My 100 students are just a speck in the 50 million students in the United States. I reached out to my colleagues near and far to hear their stories. The following are the responses I received only in the first hours of my request. They represent urban, suburban and rural schools in North Carolina and beyond.

The first thing I experienced was fear, fear from my minority students. I had to comfort a large portion of my hispanic students who have a legitimate fear of being deported, or their families being deported. It was a stale, hollow kind of comfort because I told them everything would be alright when truthfully I have no clue if it will be for them. The second thing I saw was hate and ignorance, which go hand in hand. It was the worst kind of hate and ignorance, blatant and self justified. I addressed as many of these comments as I could, which was exhausting. These comments ranged from anti-gay, racist, anti-immigrant, and praising the new theocratic America that they think Trump will usher in. There was no middle ground, and I can honestly say it was the hardest day of my career. It was a revealing and foreboding display of the human condition in American society and left me truly terrified.

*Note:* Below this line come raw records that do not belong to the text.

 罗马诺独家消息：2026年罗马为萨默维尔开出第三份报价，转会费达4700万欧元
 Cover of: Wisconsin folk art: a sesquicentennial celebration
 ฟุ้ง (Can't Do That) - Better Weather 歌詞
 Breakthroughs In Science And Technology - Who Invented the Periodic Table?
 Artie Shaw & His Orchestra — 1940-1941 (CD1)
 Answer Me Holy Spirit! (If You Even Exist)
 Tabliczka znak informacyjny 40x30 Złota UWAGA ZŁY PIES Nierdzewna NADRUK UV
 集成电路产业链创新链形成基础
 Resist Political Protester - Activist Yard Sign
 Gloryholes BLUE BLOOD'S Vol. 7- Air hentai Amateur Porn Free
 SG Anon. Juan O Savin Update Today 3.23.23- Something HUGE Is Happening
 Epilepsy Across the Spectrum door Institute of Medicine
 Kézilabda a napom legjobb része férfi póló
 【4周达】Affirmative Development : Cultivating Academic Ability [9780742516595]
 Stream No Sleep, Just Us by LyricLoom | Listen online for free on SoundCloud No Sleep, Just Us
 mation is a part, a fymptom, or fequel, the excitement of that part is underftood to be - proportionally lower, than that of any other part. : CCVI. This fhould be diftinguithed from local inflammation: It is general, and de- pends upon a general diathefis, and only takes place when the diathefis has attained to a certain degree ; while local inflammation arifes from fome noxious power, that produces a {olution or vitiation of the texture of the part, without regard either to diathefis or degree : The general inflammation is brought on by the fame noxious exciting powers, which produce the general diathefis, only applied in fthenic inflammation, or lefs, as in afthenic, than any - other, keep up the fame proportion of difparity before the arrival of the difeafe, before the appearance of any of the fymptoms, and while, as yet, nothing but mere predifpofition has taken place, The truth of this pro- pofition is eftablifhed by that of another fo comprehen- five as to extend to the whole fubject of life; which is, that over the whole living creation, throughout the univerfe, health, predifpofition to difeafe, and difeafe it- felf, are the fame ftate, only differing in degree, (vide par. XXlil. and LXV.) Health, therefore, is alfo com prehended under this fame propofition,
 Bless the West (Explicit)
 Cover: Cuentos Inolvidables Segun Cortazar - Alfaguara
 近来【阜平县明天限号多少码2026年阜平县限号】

I had some fairly meaningful private conversations with students today. A lot of them were tired and near tears, but I did not make it an issue in my lessons today. Also, no kids tried to raise it with me during class, but students wanted to talk before and after class, during lunch, and after school. I embraced that talk without inserting too much of my views. I just tried to listen.

I started by opening up the floor for discussion in class, by allowing everyone space to share, and by engaging every student I could in an individual conversation throughout the day. What emerged was shock, fear, and anger. Most consistently, the refrain was “How could adults have done this?” My text for class today was poetry, the only medium that felt appropriate for processing on such an emotionally heavy day. I ended up going with “Still I Rise” by Maya Angelou. At the end of class, I had each student choose and read a line from the poem that most spoke to them today. (Read more)

I know we’re “supposed” to remain unbiased and not give our opinion, but the kids were so scared - I couldn’t say or do nothing. I reassured them as best as I could, without completely breaking the rules. All I wanted to do was comfort them; I’m furious that they are in this position and that my hands are tied. We’re expected to care about these children, be around them more than our own families, get to know them and their struggles so we can serve them better, and then get discouraged from actually caring about them, for fear of compromising our position of authority and ‘professionalism.’ In short, I told them their concerns and fears are completely valid.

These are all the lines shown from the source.